- _WORK REQUIRED_
Reproduce every line of the listing as written, apart from the pictures.
Segment Start: EXCERPTED RECORDS
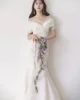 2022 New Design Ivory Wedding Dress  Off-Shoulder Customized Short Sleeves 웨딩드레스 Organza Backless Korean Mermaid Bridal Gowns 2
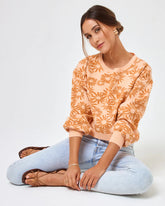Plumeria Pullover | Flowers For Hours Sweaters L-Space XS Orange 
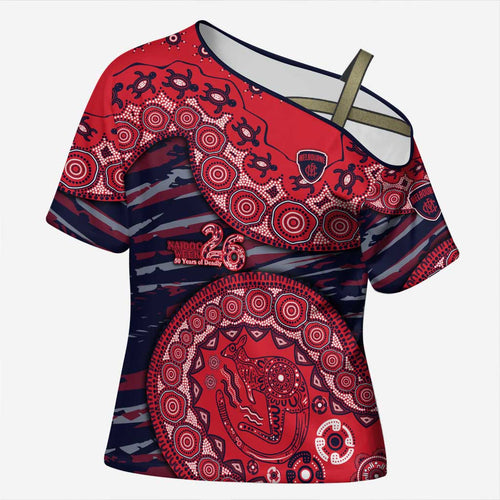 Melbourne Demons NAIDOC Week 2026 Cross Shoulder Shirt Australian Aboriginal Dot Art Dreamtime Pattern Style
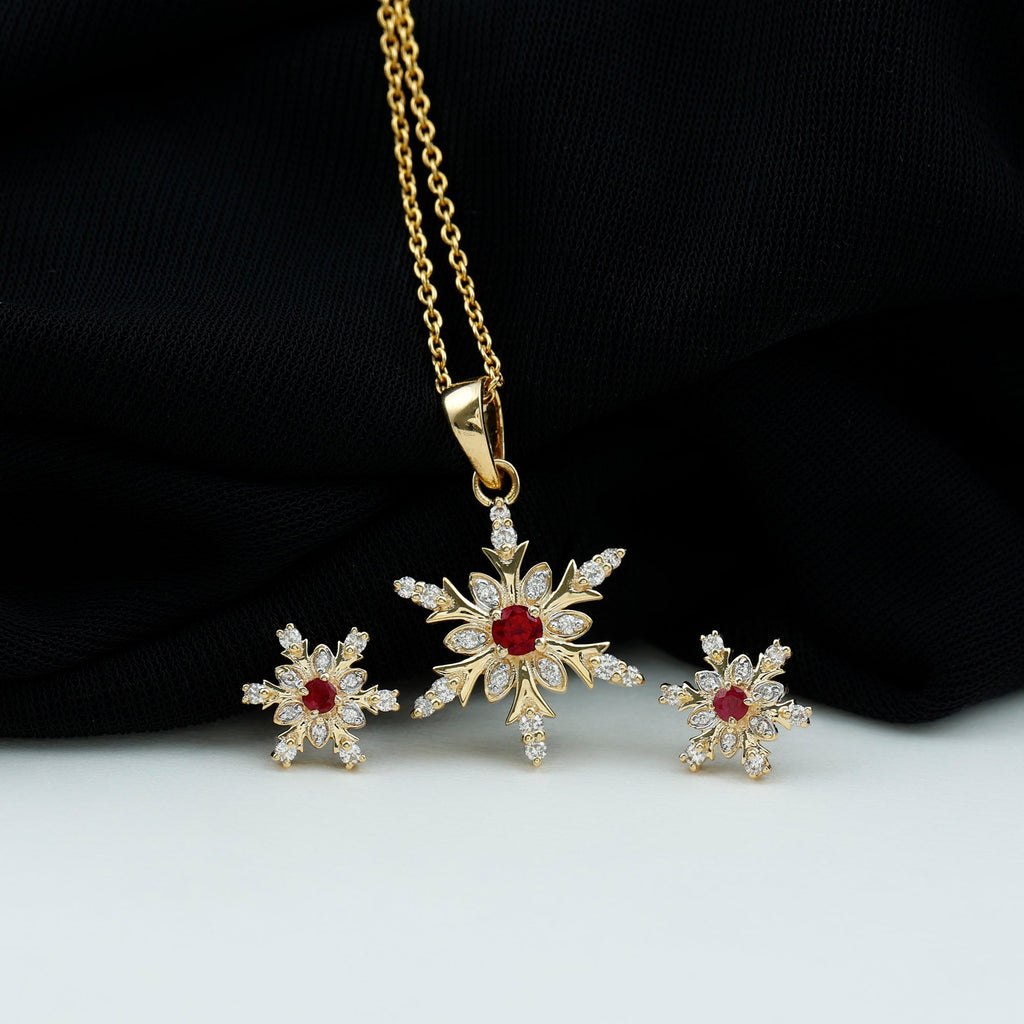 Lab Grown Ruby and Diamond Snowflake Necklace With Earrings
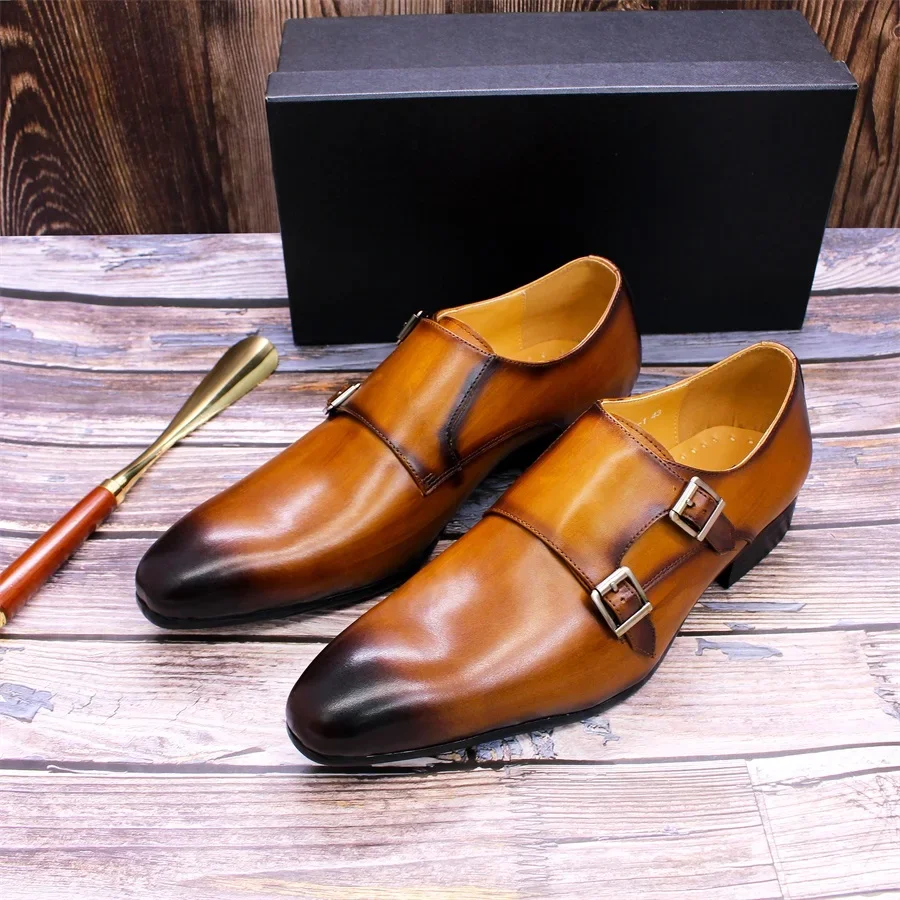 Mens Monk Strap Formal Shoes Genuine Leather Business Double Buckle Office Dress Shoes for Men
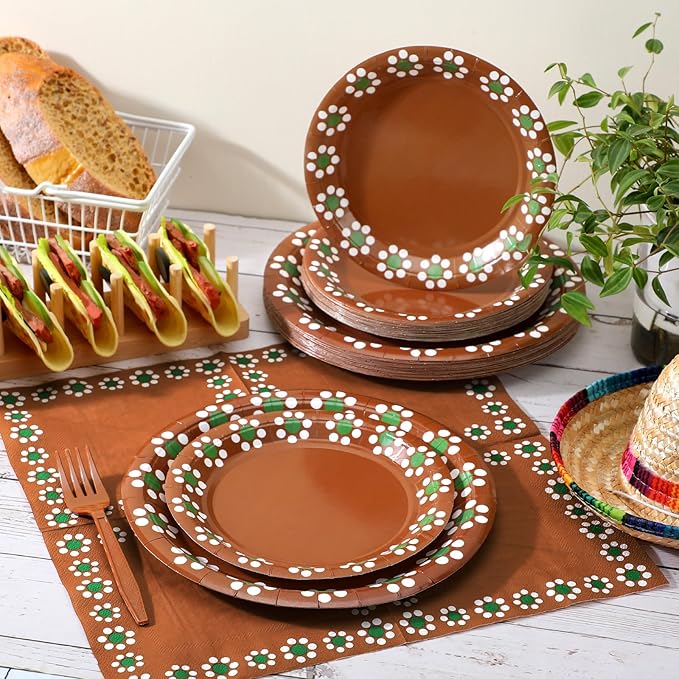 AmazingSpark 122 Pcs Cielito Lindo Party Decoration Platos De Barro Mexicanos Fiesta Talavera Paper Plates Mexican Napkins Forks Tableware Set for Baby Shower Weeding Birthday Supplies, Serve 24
Segment End: EXCERPTED RECORDS
- _REPLY TO THE TASK_
 2022 New Design Ivory Wedding Dress  Off-Shoulder Customized Short Sleeves 웨딩드레스 Organza Backless Korean Mermaid Bridal Gowns 2
Plumeria Pullover | Flowers For Hours Sweaters L-Space XS Orange 
 Melbourne Demons NAIDOC Week 2026 Cross Shoulder Shirt Australian Aboriginal Dot Art Dreamtime Pattern Style
 Lab Grown Ruby and Diamond Snowflake Necklace With Earrings
 Mens Monk Strap Formal Shoes Genuine Leather Business Double Buckle Office Dress Shoes for Men
 AmazingSpark 122 Pcs Cielito Lindo Party Decoration Platos De Barro Mexicanos Fiesta Talavera Paper Plates Mexican Napkins Forks Tableware Set for Baby Shower Weeding Birthday Supplies, Serve 24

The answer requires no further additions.